Description of the task: Reproduce the listing word for word, leaving every picture behind.

Information supplied:

§

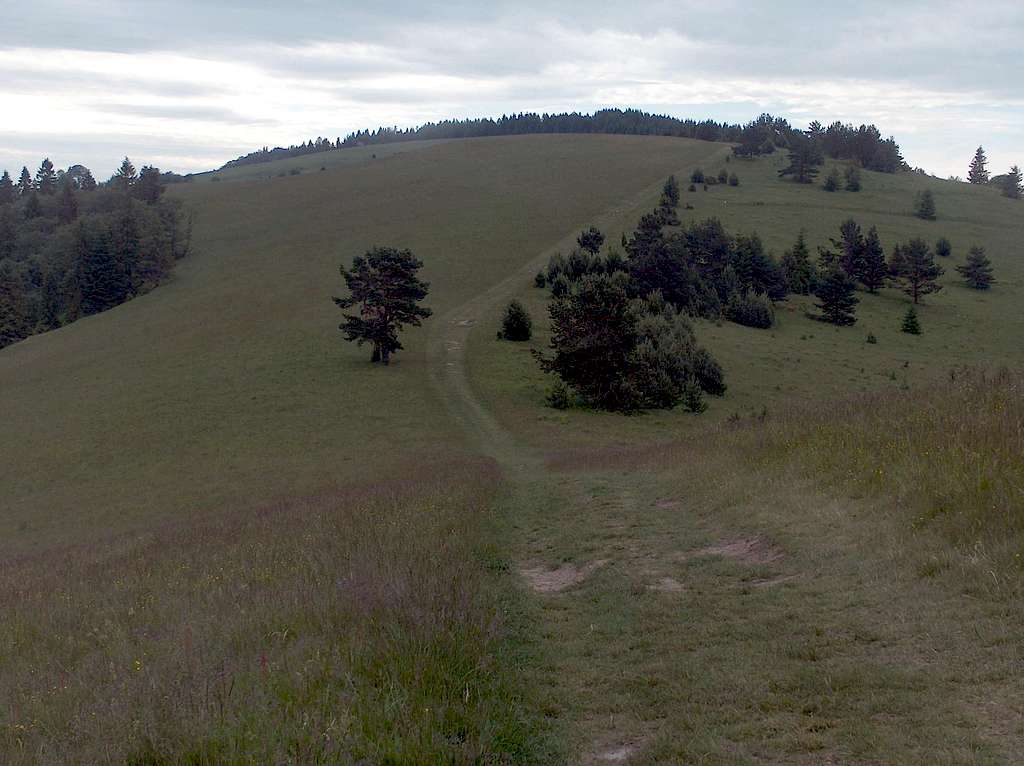 The flat ridge of Małe Pieniny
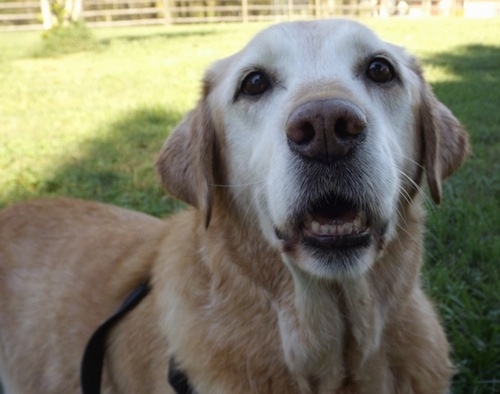 Close Up - A graying Golden Labrador is standing in a field. Its mouth is open. There is a split rail fence in the distance behind it.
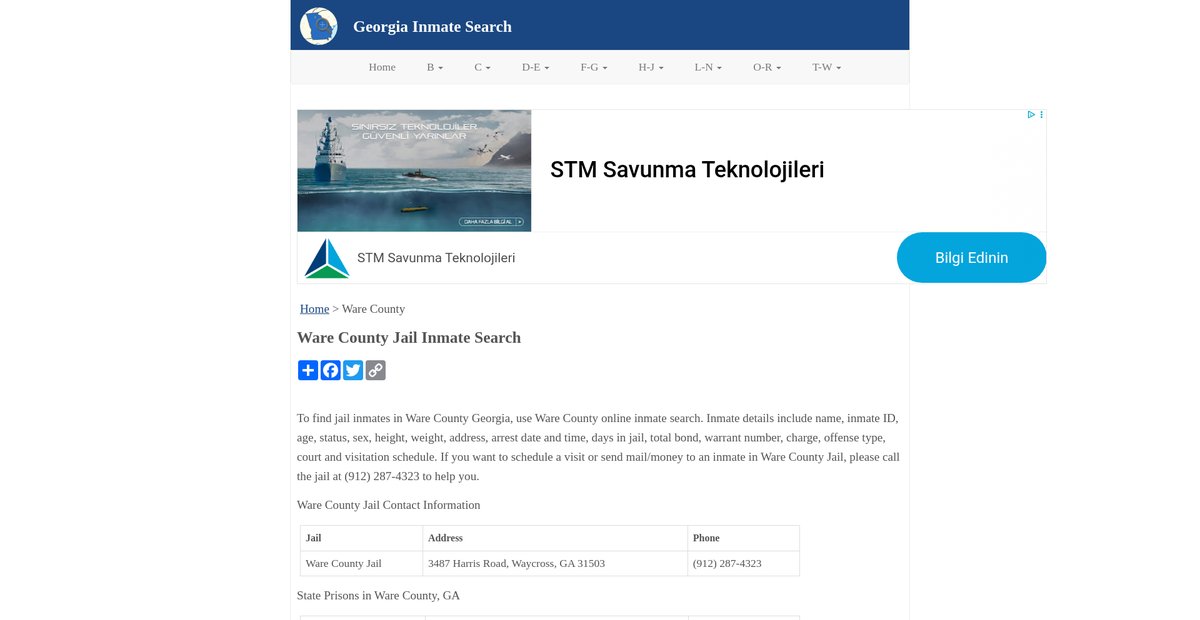 Preview of inmatesearchga.org
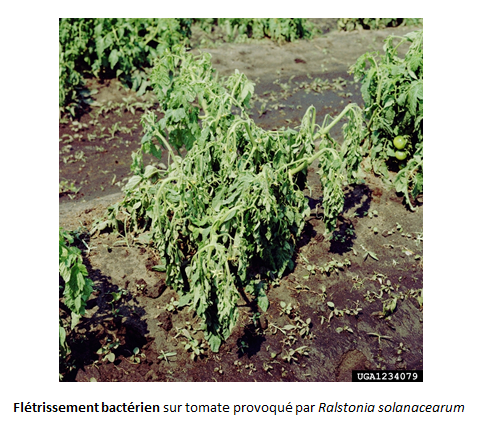 plant de tomate infecté par Ralstonia solanacearum (flétrissement bactérien)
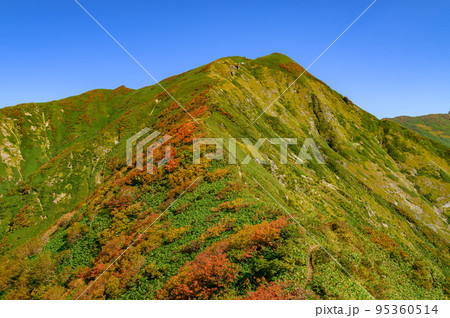 紅葉の谷川連峰・茂倉岳と稜線の絶景 95360514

§

Reply to the exercise:
 The flat ridge of Małe Pieniny
 Close Up - A graying Golden Labrador is standing in a field. Its mouth is open. There is a split rail fence in the distance behind it.
 Preview of inmatesearchga.org
 plant de tomate infecté par Ralstonia solanacearum (flétrissement bactérien)
 紅葉の谷川連峰・茂倉岳と稜線の絶景 95360514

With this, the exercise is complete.